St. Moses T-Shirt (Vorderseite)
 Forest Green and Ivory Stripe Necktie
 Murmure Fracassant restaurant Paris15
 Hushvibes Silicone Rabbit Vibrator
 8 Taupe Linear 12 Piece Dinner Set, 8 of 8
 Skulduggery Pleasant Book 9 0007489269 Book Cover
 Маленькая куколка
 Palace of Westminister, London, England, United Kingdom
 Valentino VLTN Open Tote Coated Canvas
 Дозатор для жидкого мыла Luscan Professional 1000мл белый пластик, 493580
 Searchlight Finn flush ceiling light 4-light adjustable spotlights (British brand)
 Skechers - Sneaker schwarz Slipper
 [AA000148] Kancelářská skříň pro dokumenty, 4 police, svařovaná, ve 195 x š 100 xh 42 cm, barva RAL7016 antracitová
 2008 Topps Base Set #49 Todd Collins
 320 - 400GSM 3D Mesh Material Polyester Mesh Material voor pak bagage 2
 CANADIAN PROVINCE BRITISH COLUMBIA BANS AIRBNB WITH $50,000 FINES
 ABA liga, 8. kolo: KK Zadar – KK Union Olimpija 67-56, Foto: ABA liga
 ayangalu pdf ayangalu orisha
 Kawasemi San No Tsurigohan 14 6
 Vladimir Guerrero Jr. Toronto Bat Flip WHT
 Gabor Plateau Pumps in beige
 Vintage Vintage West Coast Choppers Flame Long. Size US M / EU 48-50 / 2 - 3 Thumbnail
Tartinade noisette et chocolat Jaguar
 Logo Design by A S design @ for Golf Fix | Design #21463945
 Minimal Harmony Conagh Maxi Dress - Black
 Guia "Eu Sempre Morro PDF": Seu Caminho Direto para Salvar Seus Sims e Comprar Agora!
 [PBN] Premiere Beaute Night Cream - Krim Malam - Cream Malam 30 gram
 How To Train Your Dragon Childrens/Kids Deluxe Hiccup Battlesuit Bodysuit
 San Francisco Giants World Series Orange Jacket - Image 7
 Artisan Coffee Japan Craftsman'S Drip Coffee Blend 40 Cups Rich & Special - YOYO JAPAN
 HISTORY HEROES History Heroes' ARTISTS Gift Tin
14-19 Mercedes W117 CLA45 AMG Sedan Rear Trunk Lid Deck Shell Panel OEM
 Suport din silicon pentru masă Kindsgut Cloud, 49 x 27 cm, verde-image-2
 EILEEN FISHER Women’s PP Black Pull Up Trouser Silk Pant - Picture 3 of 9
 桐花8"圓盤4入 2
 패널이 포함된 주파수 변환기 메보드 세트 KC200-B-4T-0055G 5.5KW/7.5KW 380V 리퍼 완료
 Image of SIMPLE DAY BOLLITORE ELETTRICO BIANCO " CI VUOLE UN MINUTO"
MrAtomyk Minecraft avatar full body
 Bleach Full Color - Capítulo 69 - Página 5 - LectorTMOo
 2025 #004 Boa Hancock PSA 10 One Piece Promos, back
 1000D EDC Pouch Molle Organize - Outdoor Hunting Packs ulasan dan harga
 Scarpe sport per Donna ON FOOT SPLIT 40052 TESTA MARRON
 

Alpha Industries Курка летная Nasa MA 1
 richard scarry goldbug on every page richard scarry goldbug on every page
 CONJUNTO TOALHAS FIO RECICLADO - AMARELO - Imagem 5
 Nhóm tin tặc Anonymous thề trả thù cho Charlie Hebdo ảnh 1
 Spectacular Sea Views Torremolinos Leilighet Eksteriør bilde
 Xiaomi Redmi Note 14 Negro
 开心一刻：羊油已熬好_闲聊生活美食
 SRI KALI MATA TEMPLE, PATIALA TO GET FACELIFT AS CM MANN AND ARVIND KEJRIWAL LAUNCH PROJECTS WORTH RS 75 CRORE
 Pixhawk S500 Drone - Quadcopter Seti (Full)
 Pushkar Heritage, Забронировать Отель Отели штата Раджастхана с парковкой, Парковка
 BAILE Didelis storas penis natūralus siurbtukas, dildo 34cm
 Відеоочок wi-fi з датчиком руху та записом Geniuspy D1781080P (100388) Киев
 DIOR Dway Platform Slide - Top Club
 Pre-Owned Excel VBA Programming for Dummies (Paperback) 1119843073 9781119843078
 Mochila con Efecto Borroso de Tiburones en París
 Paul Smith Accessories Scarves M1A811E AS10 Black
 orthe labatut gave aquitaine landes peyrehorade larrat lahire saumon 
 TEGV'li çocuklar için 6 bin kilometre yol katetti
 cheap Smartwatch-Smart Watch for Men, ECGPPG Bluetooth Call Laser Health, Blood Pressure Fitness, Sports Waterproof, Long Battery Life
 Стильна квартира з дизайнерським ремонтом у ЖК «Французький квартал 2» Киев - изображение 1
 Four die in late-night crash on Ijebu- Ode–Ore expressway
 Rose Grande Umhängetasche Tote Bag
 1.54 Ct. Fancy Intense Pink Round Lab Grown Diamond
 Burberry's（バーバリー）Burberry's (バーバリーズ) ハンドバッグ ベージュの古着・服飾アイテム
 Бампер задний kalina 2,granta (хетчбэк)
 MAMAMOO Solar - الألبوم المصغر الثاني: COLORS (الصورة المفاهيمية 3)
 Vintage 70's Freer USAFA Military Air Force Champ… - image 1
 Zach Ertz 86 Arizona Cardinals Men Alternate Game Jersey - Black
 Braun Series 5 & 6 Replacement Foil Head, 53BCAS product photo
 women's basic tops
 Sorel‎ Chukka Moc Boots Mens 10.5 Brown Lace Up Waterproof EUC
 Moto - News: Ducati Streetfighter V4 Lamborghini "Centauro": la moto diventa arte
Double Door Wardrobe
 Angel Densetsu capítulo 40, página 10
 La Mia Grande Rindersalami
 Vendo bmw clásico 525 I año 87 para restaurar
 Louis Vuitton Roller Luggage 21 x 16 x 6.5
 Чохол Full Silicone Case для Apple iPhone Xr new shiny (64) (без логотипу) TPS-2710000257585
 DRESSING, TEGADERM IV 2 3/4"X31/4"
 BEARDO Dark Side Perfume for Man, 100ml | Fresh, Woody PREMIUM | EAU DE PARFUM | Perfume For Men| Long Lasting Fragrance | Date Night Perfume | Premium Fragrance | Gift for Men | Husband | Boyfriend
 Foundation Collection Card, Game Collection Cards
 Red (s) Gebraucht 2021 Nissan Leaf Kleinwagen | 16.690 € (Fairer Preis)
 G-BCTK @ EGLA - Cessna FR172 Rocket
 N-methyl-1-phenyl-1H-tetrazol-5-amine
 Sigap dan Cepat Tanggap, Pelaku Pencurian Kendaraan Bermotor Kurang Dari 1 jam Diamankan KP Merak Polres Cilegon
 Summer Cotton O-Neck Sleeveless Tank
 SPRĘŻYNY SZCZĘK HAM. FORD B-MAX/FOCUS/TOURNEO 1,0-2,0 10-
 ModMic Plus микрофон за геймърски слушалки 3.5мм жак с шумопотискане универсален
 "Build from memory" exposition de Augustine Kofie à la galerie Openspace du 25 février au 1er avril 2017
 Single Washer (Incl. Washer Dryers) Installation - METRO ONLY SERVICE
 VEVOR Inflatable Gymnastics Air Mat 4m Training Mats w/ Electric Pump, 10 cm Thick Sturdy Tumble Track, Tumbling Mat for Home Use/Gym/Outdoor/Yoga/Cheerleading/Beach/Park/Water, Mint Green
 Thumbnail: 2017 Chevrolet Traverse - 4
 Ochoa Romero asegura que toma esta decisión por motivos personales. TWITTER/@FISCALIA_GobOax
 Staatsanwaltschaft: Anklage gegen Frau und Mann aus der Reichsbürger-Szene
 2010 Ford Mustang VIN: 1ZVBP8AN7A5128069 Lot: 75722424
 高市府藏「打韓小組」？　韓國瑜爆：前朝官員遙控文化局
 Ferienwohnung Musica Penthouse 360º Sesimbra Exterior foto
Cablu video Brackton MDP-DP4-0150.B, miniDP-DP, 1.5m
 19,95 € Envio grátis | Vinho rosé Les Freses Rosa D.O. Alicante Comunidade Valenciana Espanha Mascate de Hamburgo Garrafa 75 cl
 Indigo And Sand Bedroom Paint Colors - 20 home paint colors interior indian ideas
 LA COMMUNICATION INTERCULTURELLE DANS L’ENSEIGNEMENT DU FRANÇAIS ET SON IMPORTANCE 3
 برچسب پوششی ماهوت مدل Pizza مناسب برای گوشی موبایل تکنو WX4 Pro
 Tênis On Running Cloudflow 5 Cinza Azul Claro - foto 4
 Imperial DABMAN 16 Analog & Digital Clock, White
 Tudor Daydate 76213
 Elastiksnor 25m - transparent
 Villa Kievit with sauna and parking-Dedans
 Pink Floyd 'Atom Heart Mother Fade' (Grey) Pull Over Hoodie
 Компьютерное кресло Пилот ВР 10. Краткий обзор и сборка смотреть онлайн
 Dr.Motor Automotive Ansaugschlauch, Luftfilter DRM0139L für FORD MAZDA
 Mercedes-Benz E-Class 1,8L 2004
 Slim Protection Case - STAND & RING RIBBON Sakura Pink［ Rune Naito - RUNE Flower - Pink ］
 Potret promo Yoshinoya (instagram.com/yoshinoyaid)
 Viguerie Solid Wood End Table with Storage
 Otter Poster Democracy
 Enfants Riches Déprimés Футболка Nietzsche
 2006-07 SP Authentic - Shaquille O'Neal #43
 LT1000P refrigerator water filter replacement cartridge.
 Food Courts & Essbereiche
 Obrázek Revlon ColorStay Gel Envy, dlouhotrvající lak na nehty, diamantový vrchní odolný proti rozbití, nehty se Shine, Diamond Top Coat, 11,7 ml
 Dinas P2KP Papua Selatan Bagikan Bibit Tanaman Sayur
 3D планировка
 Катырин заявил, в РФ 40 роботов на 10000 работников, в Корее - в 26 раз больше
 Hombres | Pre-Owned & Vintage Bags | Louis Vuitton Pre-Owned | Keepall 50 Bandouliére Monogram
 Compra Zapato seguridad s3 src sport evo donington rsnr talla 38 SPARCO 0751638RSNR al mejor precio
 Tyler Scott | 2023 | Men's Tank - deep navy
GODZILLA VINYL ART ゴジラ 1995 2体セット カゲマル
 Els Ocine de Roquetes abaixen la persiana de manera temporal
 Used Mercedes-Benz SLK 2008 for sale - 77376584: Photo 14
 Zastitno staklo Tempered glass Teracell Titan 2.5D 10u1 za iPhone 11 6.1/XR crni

○ ○ ○ ○ ○

--- PROMPT ---
Among the entries above, say how many lines hold the word "Silicone". No other words belong in the answer.

--- COMPLETED EXERCISE ---
2